Remove table,put back screws into their holes,tighten down so they are flush,and put a rug over, job done.I did the same last week. :lol: 

tony


----------



## dinger (Jul 30, 2007)

*table*

Hi Tony

May have to try this but didnt know if the holes are counter sunk enough
if at all as the table base fittment sits proud......just thought we could get some sort of caps tp protect the holes whilst not using existing set up without carpet.


----------



## sallytrafic (Jan 17, 2006)

If its anything like our socket as well as screw holes there will be a large hole in the floor. If that is the case status make a blanking plate for their roof aerials and that might do the cover up. >blanking plate<


----------



## GEMMY (Jun 19, 2006)

Hi Dinger,I used my method so that I didn't lose the screwbolts. :lol: 

tony


----------



## 104305 (May 6, 2007)

Ive done just the same the table is a nuisance and gets in the way. Our small portable table does the trick leaving more space to move around. As for the holes I did the same as the other guy, replaced the scres and stuck a rug over-JOB DONE


----------



## Zebedee (Oct 3, 2007)

If the screw holes are not countersunk enough you could always countersink them! :? :? 

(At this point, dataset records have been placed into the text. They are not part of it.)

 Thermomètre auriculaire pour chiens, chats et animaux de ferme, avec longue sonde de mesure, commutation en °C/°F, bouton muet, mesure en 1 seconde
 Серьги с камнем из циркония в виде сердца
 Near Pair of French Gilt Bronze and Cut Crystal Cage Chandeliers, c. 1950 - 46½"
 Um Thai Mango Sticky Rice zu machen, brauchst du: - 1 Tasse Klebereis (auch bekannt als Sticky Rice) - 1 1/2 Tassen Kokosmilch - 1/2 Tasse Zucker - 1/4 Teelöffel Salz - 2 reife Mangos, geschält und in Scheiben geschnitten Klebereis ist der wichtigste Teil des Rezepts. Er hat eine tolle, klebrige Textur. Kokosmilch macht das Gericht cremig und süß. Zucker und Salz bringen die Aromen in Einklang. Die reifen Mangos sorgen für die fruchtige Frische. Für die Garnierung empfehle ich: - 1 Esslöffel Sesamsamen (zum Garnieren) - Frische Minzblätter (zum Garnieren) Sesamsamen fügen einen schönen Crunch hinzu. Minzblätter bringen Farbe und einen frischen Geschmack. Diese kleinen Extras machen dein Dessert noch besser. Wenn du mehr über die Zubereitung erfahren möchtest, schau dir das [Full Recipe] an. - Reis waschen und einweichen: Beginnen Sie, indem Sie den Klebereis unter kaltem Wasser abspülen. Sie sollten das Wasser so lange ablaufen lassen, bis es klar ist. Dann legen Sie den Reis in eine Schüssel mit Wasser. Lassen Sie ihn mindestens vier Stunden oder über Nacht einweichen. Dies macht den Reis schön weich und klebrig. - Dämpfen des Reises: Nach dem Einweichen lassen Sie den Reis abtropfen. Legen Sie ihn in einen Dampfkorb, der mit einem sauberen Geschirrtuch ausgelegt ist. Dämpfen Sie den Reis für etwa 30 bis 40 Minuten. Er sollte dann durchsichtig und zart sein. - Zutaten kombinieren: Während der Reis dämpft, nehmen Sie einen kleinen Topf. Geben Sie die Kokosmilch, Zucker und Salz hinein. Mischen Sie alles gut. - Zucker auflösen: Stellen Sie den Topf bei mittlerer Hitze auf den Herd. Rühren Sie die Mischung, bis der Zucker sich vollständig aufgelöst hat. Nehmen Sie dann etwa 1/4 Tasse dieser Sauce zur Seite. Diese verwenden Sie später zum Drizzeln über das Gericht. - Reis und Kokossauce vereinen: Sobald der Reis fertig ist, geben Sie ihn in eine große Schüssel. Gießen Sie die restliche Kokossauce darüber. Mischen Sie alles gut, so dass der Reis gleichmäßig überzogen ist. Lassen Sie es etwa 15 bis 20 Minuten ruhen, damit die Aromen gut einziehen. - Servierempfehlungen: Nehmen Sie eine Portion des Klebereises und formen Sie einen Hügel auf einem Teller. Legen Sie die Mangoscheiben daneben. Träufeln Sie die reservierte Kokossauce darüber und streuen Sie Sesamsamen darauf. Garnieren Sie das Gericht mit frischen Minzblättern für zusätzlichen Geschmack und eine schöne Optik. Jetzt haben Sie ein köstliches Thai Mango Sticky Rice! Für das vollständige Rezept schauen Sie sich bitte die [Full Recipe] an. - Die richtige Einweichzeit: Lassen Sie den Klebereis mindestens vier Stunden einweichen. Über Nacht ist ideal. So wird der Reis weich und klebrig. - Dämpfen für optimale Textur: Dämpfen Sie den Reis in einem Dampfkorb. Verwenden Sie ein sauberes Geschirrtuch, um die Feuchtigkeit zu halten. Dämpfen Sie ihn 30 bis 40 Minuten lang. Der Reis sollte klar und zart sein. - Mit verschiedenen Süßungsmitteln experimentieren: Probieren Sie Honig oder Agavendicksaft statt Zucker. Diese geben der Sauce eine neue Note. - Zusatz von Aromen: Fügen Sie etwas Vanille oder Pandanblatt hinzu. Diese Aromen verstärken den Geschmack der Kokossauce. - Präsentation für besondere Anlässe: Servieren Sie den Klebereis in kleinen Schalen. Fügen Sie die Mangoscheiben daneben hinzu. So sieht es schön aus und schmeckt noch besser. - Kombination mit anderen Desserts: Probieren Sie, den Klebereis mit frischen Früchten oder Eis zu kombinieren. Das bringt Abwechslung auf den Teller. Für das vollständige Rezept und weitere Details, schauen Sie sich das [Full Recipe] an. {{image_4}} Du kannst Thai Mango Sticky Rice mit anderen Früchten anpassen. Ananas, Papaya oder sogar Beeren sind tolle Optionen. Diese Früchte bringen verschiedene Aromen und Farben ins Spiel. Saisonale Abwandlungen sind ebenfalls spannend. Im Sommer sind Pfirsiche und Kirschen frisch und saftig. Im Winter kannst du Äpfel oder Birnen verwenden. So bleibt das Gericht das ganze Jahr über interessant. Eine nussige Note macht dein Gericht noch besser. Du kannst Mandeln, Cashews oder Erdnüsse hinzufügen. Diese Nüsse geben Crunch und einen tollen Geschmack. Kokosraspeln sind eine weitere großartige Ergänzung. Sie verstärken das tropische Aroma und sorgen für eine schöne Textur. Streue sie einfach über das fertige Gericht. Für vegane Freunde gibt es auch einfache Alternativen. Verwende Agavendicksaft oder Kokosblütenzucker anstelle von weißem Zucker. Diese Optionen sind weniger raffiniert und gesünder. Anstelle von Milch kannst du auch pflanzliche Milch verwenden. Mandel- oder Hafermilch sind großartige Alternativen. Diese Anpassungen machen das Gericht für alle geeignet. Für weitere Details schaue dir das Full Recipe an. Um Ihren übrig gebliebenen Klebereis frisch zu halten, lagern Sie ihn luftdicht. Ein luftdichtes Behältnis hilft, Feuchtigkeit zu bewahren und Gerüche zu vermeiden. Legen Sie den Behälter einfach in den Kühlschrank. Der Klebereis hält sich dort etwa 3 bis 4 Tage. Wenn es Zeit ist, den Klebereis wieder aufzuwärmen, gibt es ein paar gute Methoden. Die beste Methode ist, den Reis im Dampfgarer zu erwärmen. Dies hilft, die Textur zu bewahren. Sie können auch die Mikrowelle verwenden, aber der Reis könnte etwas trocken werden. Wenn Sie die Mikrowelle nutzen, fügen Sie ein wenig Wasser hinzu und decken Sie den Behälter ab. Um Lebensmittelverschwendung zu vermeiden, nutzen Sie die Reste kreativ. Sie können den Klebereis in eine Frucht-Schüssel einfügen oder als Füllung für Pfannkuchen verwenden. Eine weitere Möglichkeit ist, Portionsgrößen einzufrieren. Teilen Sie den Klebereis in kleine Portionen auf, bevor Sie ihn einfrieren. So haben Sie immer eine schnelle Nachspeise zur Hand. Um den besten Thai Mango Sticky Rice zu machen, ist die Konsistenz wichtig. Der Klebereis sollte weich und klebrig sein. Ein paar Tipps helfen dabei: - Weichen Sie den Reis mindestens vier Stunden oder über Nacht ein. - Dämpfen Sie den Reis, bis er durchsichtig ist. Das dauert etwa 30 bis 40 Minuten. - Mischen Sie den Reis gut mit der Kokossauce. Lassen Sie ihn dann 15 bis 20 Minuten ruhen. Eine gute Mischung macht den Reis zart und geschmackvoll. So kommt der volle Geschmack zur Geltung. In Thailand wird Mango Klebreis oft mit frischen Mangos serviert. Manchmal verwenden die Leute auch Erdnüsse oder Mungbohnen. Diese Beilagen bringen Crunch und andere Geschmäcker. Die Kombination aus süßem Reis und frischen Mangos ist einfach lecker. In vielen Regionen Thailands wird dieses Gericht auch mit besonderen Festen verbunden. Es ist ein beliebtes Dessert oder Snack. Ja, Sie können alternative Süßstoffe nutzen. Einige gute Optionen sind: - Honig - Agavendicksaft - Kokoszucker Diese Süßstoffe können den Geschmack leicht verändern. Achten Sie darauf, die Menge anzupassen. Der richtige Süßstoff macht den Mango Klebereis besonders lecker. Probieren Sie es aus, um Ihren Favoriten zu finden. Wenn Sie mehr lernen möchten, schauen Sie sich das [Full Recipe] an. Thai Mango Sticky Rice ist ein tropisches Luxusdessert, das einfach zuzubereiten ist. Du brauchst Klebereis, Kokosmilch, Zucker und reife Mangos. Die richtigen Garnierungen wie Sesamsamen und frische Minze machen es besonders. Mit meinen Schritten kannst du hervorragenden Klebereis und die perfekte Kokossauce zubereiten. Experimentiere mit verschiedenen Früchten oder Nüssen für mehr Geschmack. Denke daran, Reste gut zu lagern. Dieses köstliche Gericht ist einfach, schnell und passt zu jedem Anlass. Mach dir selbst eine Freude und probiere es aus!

Frank is almost certainly correct about the big hole in the middle.

If you want the floor to be perfectly flush (which it won't be if you use a blanking plate) cut a piece of wood to fit in the hole to within about 5mm from the top. It need not be a very good fit.

Fix it in place with some Sikaflex.

Now cut a nice piece of ply (or whatever) and carefully shape it to fit the top of the hole. Much easier to trim a thin disc to shape than a lump.

Put a generous covering of Sikaflex on top of the first bit of wood and gently settle the disc by pressing a ruler across the hole in several orientations. That way it will be perfectly flush when the Sika has set.

To finish the job, "finger" a bit of Sikaflex (or a coloured sealant to suit) into the join.

Hope this helps

Dave


----------